The OECD's Nuclear Energy Agency wants to improve the accuracy of decommissioning cost estimates to optimize spending plans and improve forecasts on fund returns, agency experts told Nuclear Energy Insider.
nternational Atomic Energy Agency (IAEA) data show close to 150 reactors have ceased operating and up to 200 additional reactors are set to go offline in the next two decades. Most of these plants are in Europe, which has an aging fleet and where changes to government energy policy, higher safety requirements and wholesale price pressures have prompted a spate of early closures.
The number of European nuclear power plants in decommissioning is expected to rise from 76 in 2015 to around 110 in 2020, Jorg Klasen, Director Nuclear Decommissioning Services at German operator EnBW Kernkraft, said in May 2016.

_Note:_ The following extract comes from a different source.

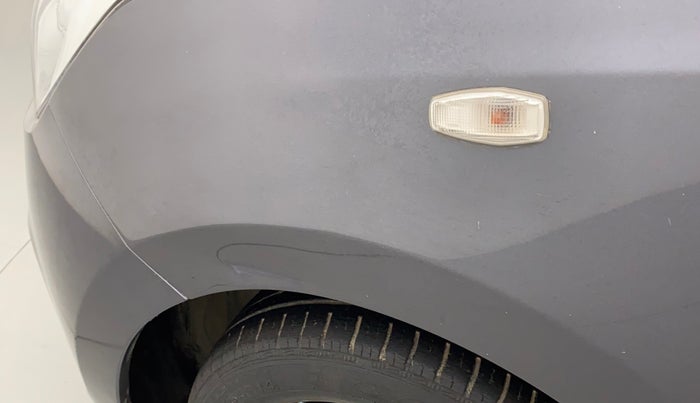 2014 Hyundai Grand i10 MAGNA 1.2 KAPPA VTVT, Petrol, Manual, 24,080 km, Left fender - Slightly dented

Globally, only 16 reactors have so far completed decommissioning and the majority of these were in the U.S, OECD Nuclear Energy Agency (NEA) said in its 2016 report, “Costs of Decommissioning Nuclear Power Plants.”
The OECD-NEA highlighted the lack of actual cost data currently available for decommissioning planners. OECD-NEA analyzed data from a number of member countries with the aim of improving the benchmarking of decommissioning cost estimations against actual cost data.